----- Given information -----

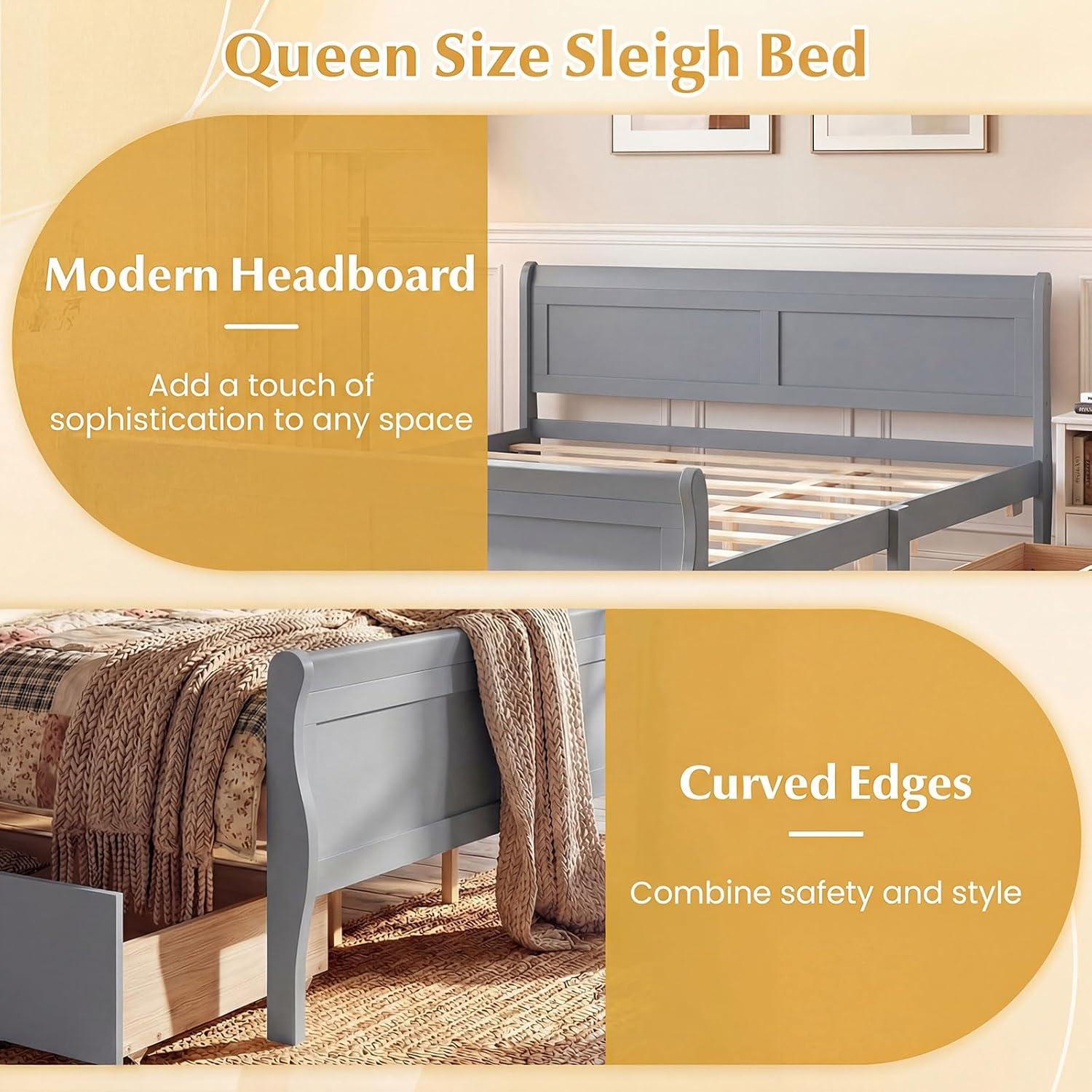 image:imageGiantex Twin Bed with 2 Storage Drawers Wood Platform Bed with Headboard amp Footboard Wooden Slats Support Mattress Foundation Twin Bed Frames for Kids Teens Adults No Box Spring Needed GreyGrey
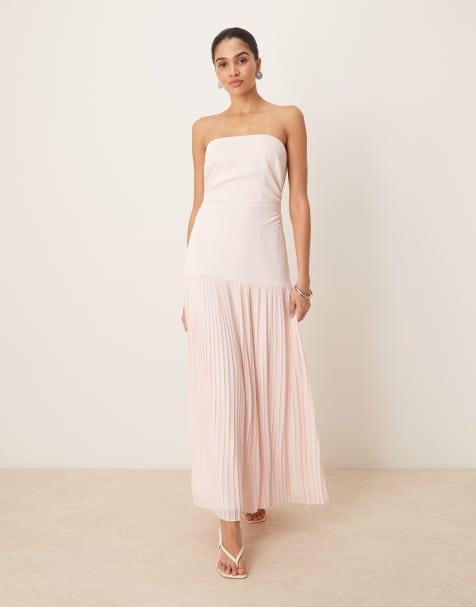 Six Stories pleated midi dress in blush pink
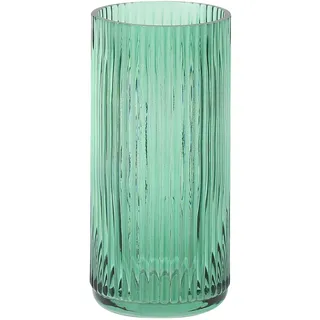 KAYLETIN Gerippte Glasvase, grüne Glasvasen für Blumen, Blumenvasen für Blumenstrauß, moderne gerippte Vase für Schlafzimmer, Wohnzimmer, Büro, Regal, 20 cm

-----

* _Activity_:
Take the listing and print it again exactly, but without any pictures.

* _Reply_:
 image:imageGiantex Twin Bed with 2 Storage Drawers Wood Platform Bed with Headboard amp Footboard Wooden Slats Support Mattress Foundation Twin Bed Frames for Kids Teens Adults No Box Spring Needed GreyGrey
 Six Stories pleated midi dress in blush pink
 KAYLETIN Gerippte Glasvase, grüne Glasvasen für Blumen, Blumenvasen für Blumenstrauß, moderne gerippte Vase für Schlafzimmer, Wohnzimmer, Büro, Regal, 20 cm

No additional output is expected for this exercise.